[Captioned web images]
*-*-*

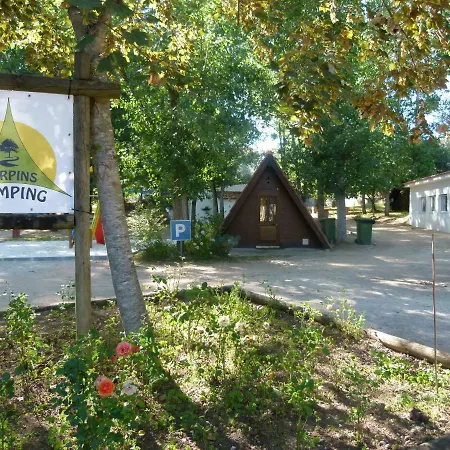 Campsite Camping *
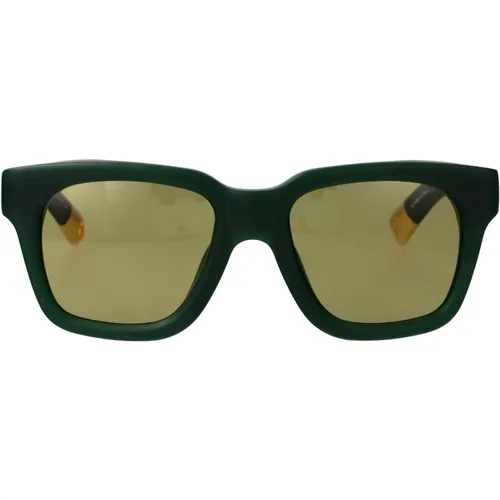 Accessories > Sunglasses - - Jacquemus - Modalova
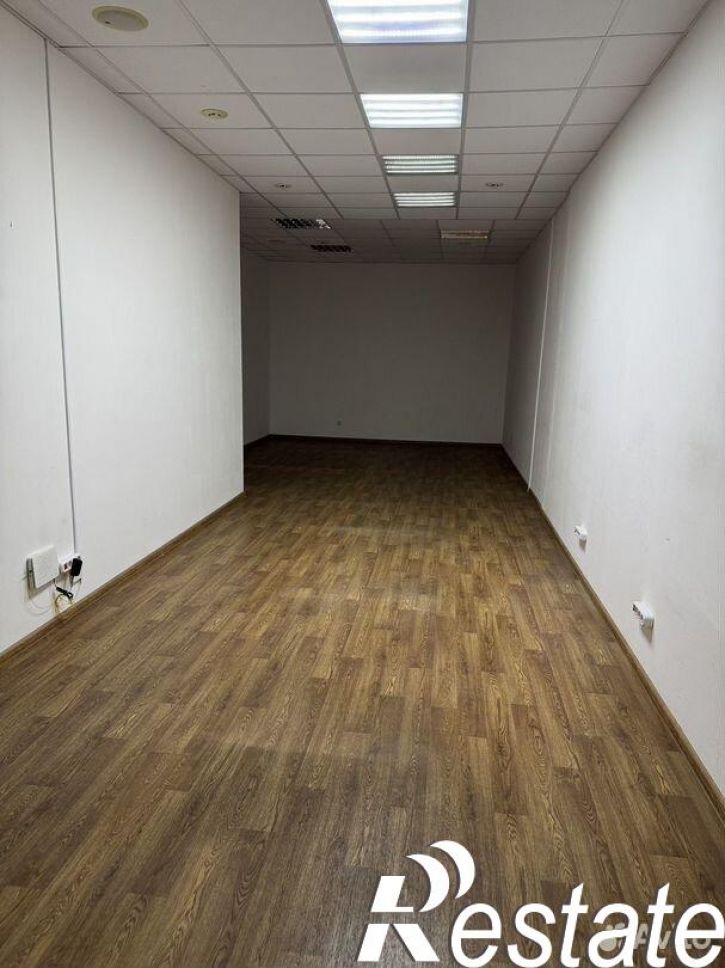 Офис улица Аркадия Гайдара, 8Б,  д. 8Б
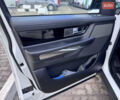 Білий Ленд Ровер Range Rover Sport, об'ємом двигуна 3 л та пробігом 268 тис. км за 16999 $, фото 29 на Automoto.ua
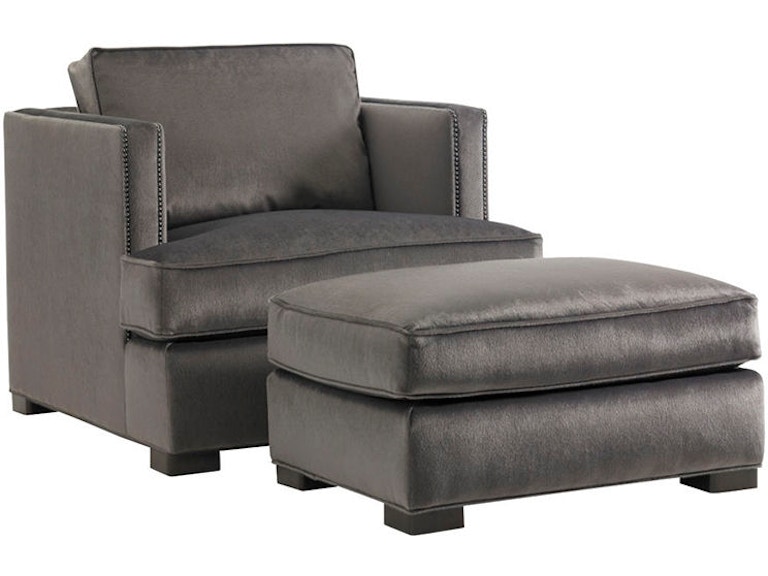 Lexington Living Room Fillmore Chair 7505-11 at Norwood Furniture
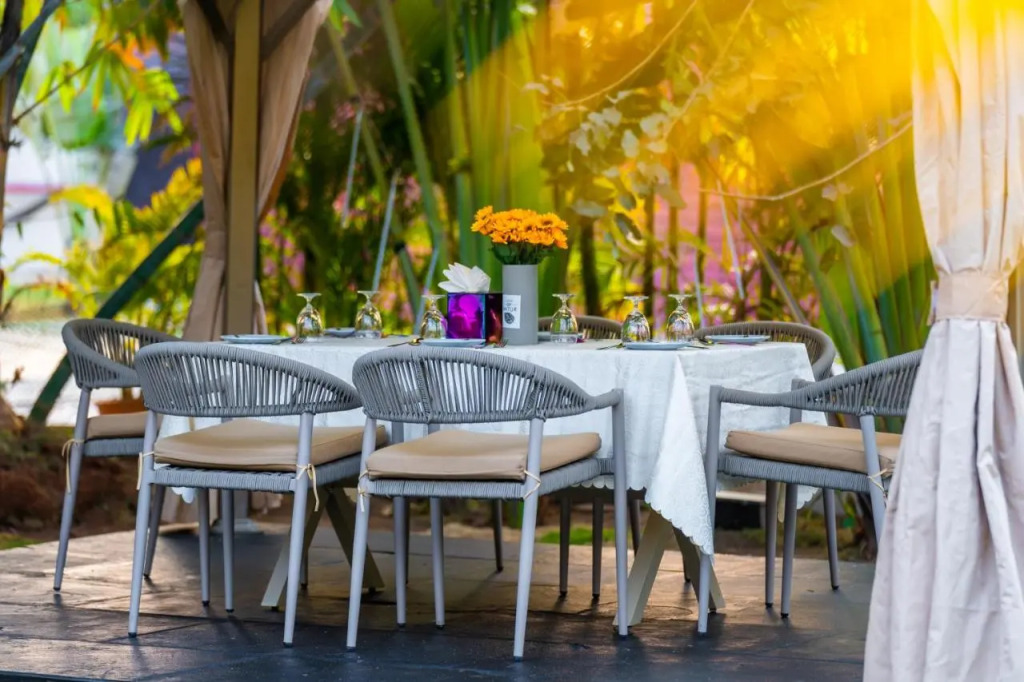 Treat Beach Resort & Spa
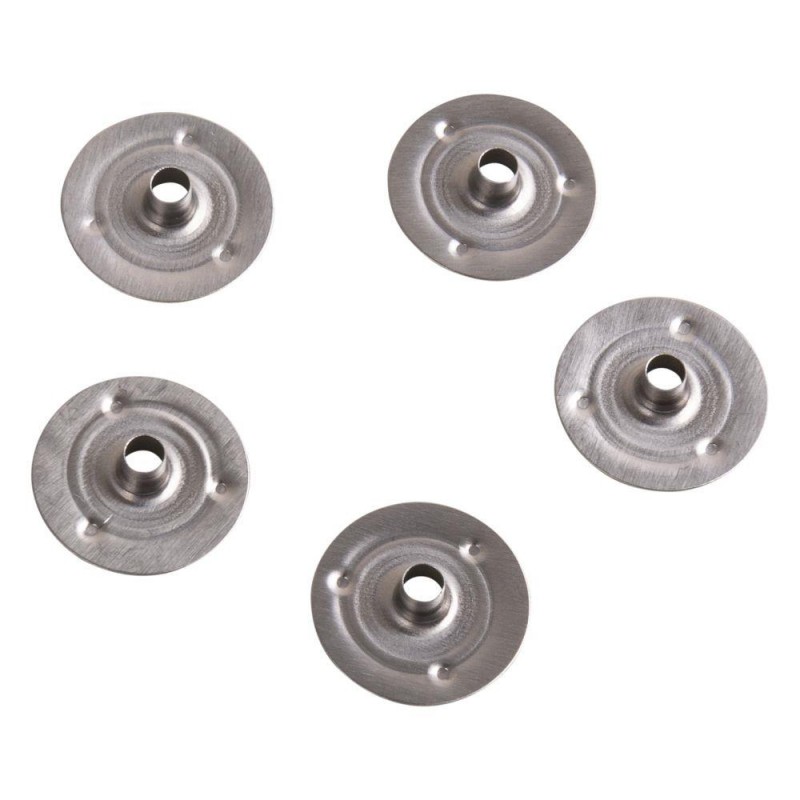 Βάση για Φυτίλι Κεριού 15mm 50τεμ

*-*-*

Your copy should match the records word for word, with the pictures removed.

 Campsite Camping *
 Accessories > Sunglasses - - Jacquemus - Modalova
 Офис улица Аркадия Гайдара, 8Б,  д. 8Б
 Білий Ленд Ровер Range Rover Sport, об'ємом двигуна 3 л та пробігом 268 тис. км за 16999 $, фото 29 на Automoto.ua
 Lexington Living Room Fillmore Chair 7505-11 at Norwood Furniture
 Treat Beach Resort & Spa
 Βάση για Φυτίλι Κεριού 15mm 50τεμ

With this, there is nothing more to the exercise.